WHAT THE EXERCISE ASKS →
Pictures aside, the data must be reproduced exactly.

***** SOURCE MATERIAL *****

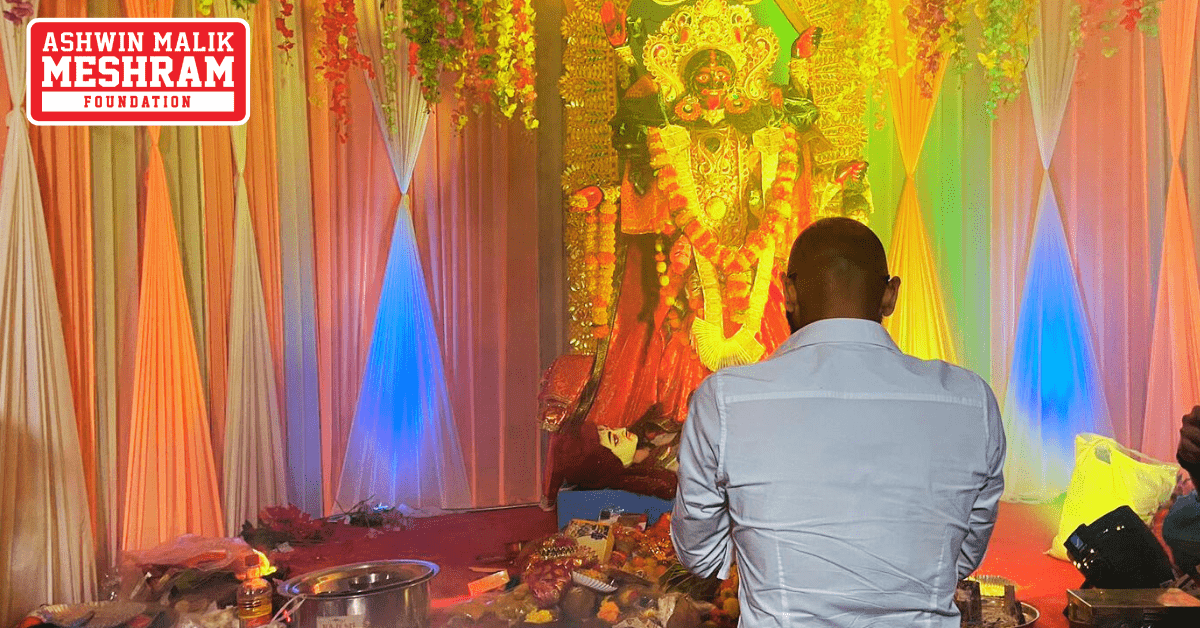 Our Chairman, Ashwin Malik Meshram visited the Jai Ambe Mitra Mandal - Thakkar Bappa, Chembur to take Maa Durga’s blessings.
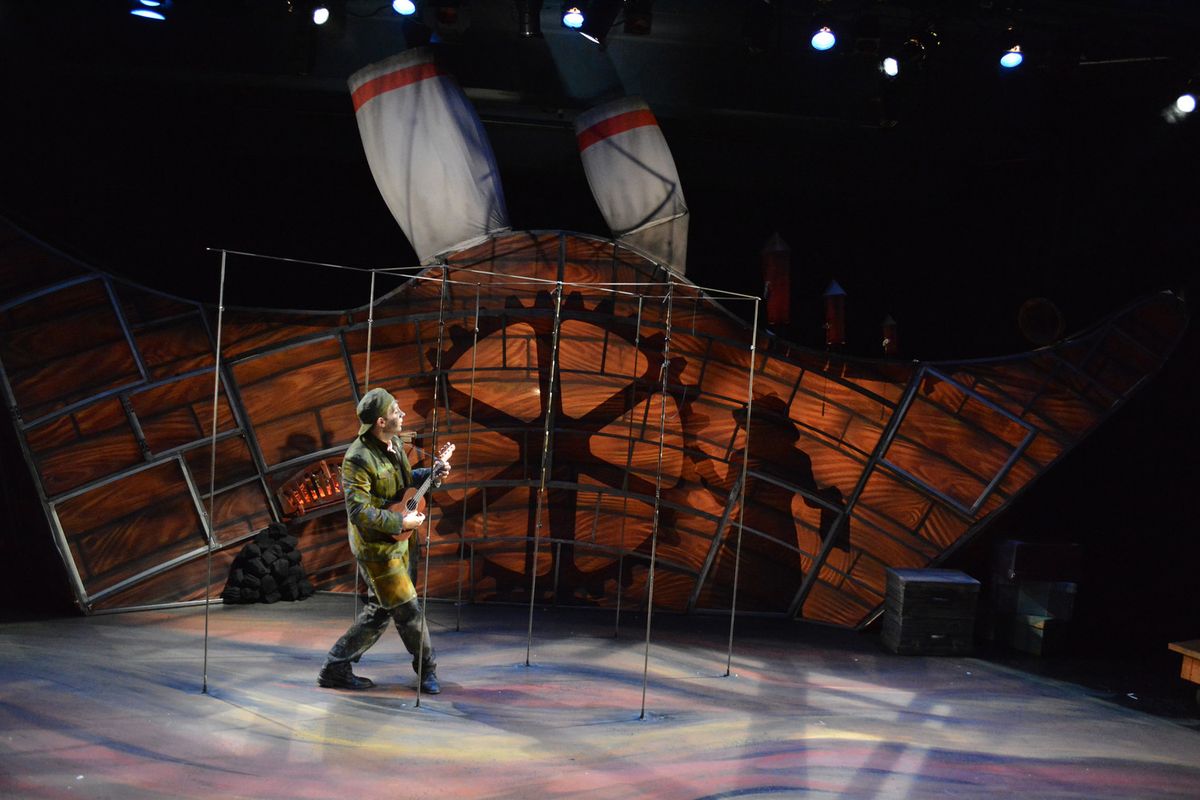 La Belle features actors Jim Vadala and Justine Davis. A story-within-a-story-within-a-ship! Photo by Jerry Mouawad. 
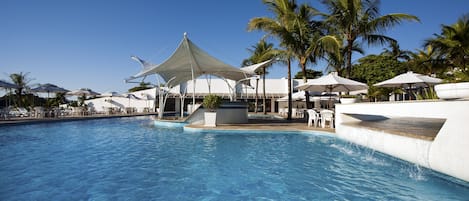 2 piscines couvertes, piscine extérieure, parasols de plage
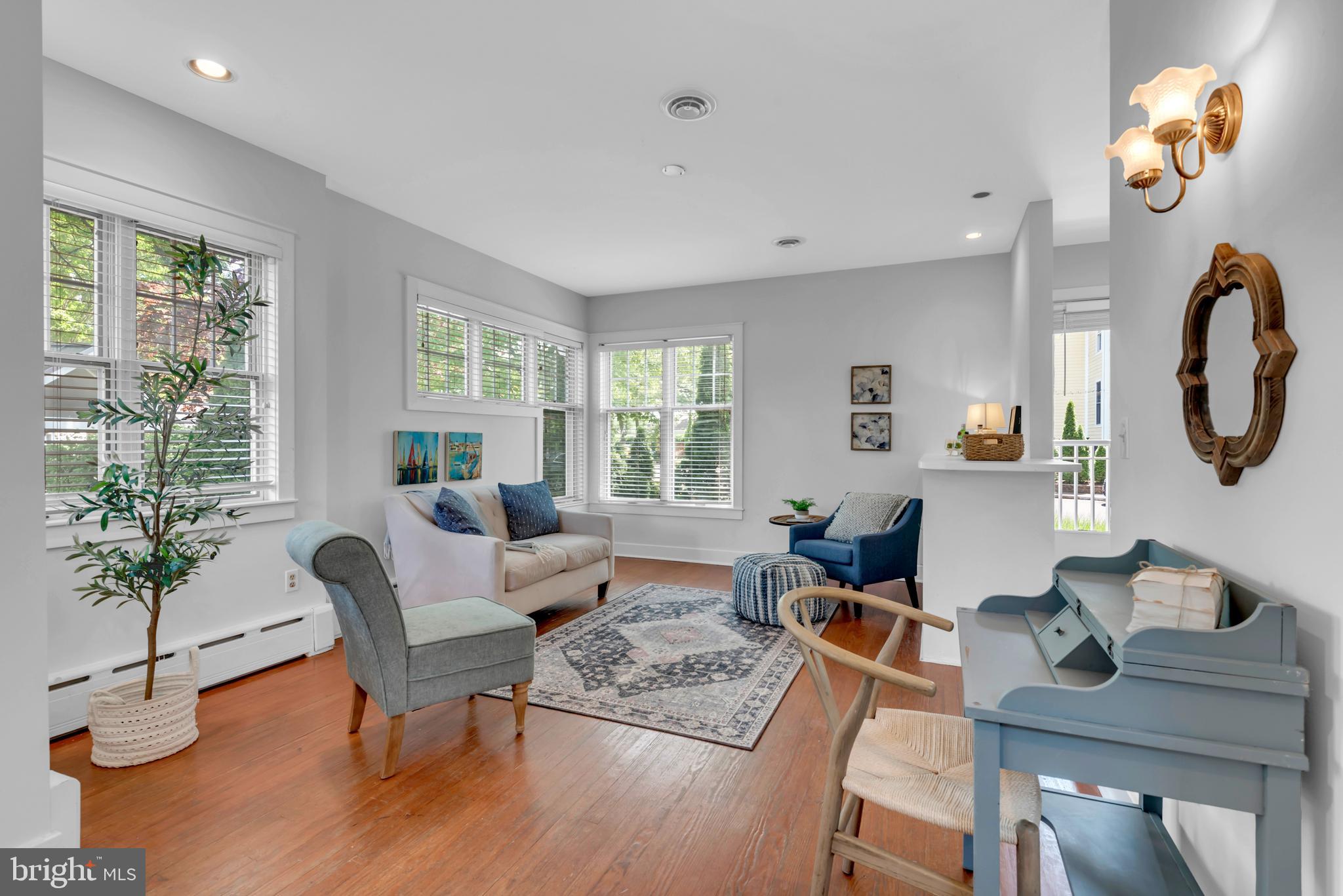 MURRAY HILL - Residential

*****

REPLY TO THE EXERCISE →
 Our Chairman, Ashwin Malik Meshram visited the Jai Ambe Mitra Mandal - Thakkar Bappa, Chembur to take Maa Durga’s blessings.
 La Belle features actors Jim Vadala and Justine Davis. A story-within-a-story-within-a-ship! Photo by Jerry Mouawad. 
 2 piscines couvertes, piscine extérieure, parasols de plage
 MURRAY HILL - Residential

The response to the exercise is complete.